No labirinto tropical, somos todos Teseu.

   Dentro do caos urbano, vias se multiplicam e se cruzam, formando um emaranhado de sons e caminhos que levam a lugar nenhum. Luzes artificiais cegam gradativamente e hipnotizam com a mesma velocidade com que estimulam cérebros viciados, ávidos por mais e mais estímulos. Imersos cotidianamente em uma ambiência entrópica, a espetacularização dos objetos leva a “coisificação” das relações humanas. Estamos em um labirinto. E não temos escolhas.
   A tautologia do dia-a-dia, as facilidades da vida moderna, a meta do desperdício nas políticas econômicas, as guerras inventadas, a banalização da vida, o lucro infinito. Esses são os tijolos das paredes do labirinto citadino.
   Mas, esta é apenas uma experiência labiríntica entre tantas. E existem tantas quanto existem pessoas no mundo.
   O artista plástico Raimundo Rodriguez, tece uma trama complexa e nos convida a trilhar um caminho incerto, crítico e vertiginoso. A construção do seu “Eterno Labirinto” é a materialização de suas próprias vivências, de um imaginário oculto, de um ciclo de vida e morte.
   Adentramos um espaço fantástico onde as paredes, saturadas com imagens, em toda a sua extensão, murmuram simultaneamente orações, segredos, desejos velados, confissões, poesias, medos, traições, canções de crianças, etc. Incontáveis são os pensamentos cristalizados nas paredes de três metros de altura, revestidas com madeira antiga e empoeirada, protegidas pelo verniz que lhes confere um tom rústico e sombrio.

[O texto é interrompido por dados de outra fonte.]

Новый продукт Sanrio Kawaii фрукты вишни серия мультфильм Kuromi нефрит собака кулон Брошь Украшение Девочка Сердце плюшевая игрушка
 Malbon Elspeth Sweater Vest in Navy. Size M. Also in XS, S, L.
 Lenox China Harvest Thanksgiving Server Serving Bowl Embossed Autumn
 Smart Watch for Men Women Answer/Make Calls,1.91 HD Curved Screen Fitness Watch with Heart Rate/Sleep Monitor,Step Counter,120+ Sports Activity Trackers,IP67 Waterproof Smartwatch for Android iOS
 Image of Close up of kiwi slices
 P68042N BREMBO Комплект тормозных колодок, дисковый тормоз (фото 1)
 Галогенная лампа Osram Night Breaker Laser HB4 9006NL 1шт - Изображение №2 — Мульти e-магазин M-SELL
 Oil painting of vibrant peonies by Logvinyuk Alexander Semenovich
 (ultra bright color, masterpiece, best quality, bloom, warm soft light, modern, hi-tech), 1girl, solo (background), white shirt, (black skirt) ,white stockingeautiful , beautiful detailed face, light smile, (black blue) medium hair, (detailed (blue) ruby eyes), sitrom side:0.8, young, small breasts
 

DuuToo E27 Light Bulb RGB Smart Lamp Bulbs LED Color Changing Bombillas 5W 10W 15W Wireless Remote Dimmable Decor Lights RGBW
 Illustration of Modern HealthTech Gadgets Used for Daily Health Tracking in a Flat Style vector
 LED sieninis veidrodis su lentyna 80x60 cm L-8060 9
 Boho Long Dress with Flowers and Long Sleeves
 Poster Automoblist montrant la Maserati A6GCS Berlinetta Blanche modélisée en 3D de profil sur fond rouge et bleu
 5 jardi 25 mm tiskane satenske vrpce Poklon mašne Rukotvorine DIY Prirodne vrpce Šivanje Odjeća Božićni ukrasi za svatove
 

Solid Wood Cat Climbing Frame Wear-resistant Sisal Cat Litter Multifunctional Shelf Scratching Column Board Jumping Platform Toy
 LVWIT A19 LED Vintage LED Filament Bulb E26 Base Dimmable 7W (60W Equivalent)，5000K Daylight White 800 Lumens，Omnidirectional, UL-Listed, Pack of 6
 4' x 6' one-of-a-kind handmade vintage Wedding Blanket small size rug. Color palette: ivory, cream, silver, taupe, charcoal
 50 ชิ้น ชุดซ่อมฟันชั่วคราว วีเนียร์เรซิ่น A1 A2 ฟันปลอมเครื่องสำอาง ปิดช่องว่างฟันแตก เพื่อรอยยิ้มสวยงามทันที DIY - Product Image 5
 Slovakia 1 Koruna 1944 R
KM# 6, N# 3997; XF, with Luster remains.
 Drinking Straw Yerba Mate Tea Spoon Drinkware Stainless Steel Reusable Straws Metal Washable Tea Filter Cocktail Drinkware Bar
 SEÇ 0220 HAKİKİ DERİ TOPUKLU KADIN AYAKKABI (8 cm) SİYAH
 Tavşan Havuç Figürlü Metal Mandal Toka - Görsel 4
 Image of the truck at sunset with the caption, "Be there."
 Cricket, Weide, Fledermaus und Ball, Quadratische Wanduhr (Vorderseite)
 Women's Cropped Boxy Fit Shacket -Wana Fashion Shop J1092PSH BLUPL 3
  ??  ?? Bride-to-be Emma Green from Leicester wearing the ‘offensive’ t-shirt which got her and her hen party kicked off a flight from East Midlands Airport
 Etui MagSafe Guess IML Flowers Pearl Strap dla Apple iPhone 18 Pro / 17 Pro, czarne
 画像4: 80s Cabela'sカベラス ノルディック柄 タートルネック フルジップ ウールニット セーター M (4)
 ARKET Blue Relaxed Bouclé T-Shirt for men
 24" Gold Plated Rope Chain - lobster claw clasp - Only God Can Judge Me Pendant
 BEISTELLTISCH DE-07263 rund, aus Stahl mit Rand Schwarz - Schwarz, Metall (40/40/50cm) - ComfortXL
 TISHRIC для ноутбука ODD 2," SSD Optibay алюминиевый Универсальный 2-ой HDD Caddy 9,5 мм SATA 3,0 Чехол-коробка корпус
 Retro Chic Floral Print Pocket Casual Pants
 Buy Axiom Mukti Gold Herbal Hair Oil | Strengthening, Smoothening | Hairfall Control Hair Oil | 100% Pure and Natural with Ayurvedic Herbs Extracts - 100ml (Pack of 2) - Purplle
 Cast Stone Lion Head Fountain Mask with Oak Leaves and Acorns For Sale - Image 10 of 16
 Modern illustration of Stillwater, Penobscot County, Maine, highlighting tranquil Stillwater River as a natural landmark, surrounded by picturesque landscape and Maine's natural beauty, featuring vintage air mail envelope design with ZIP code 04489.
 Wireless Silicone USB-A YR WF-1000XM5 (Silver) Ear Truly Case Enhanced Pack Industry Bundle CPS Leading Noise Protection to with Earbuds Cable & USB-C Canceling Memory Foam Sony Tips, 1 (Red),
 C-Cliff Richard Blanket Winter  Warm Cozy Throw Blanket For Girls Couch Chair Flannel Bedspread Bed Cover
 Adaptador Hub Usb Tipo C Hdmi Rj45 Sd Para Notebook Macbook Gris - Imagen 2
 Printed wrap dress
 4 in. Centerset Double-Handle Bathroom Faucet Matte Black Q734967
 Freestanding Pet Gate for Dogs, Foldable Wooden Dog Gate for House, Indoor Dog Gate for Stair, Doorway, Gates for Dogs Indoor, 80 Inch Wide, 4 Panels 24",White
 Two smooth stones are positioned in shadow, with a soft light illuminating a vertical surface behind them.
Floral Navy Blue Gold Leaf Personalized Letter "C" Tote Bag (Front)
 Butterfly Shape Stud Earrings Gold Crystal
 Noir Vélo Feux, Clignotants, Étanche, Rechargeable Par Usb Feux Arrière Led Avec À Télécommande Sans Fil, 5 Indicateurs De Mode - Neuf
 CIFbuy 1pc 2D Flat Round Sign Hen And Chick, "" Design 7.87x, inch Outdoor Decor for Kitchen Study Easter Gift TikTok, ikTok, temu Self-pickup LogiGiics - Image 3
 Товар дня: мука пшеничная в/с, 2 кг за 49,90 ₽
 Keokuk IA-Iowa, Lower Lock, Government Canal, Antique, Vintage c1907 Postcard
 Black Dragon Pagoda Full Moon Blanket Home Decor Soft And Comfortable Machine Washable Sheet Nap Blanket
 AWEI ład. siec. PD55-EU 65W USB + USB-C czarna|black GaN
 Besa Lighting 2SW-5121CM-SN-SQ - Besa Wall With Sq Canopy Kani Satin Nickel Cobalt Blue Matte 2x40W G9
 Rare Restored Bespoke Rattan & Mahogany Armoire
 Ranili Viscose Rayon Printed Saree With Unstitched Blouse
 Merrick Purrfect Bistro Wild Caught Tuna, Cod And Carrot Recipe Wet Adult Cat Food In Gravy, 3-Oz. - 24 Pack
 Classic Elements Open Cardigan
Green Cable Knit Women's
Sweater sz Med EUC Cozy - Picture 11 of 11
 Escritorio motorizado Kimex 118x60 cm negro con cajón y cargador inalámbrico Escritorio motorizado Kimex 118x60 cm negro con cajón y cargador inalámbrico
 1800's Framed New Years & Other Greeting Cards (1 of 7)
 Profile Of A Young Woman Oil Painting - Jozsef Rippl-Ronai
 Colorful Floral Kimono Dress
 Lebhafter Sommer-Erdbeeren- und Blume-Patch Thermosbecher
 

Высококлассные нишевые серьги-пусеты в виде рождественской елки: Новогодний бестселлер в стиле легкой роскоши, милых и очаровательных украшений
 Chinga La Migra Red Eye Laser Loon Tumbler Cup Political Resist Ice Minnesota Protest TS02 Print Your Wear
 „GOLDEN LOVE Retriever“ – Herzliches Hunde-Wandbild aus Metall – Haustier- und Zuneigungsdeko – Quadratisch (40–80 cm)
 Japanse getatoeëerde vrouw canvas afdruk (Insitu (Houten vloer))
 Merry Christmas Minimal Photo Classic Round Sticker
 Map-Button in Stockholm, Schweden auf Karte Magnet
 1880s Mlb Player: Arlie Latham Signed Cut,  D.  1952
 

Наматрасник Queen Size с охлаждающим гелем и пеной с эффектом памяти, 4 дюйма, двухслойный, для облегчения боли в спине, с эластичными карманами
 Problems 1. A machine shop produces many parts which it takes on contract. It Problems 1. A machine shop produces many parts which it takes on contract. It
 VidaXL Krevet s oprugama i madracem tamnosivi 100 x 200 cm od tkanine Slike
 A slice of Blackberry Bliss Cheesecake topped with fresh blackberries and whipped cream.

   Ao contemplar as paredes imponentes que transmitem uma sensação claustrofóbica é possível ouvir as vozes, já sem tantos ruídos, e automaticamente entender que elas pertencem a homens, mulheres e crianças de toda parte, compartilhando seus regionalismos, traduzidas por sua fala e seus diversos sotaques.
   O percurso continua. A iluminação é Barroca e o sentimento também. Neste labirinto fantasmagórico somos transportados também para dentro de uma época pretérita. Há uma memória Colonial que reveste subjetivamente as paredes, dos pregos aos materiais descartados do dia-a-dia, e que nos separa da realidade do mundo exterior. Estamos dentro do Labirinto. Dentro de uma visão que a cada passo se multiplica e se torna universal, que a cada palavra e em alguma palavra se torna a nossa visão. Ao final de um corredor nos deparamos com o inevitável. O fim de todos os ciclos. A visão da morte nos choca. Após o choque a constatação: “é a morte alheia”. E alheios ao inevitável, ignoramos uma tradição, uma prática, uma crença nordestina, como tantas outras que fortificam as paredes robustas, materializada pelas fotografias. São documentos que não falam, nem murmuram como as paredes – eles gritam. E desse grito interior faz-se um silêncio. Mas, é preciso prosseguir, é preciso encontrar uma saída desse labirinto. É preciso escapar ao terror de confrontar aquilo que não queremos ver, nem pensar, nem sentir. Somos guiados por vozes e conduzidos instintivamente até outro ambiente. E então, o silêncio sepulcral se quebra e a passagem pela câmara mortuária chega a seu fim. Vemos outra cena menos densa e mais iluminada. Estamos em outra câmara, e subitamente voltamos a ser criança.

15/09/10
Renata Gesomino
Doutoranda pelo PPGAV-UFRJ na linha de pesquisa de história e crítica da arte.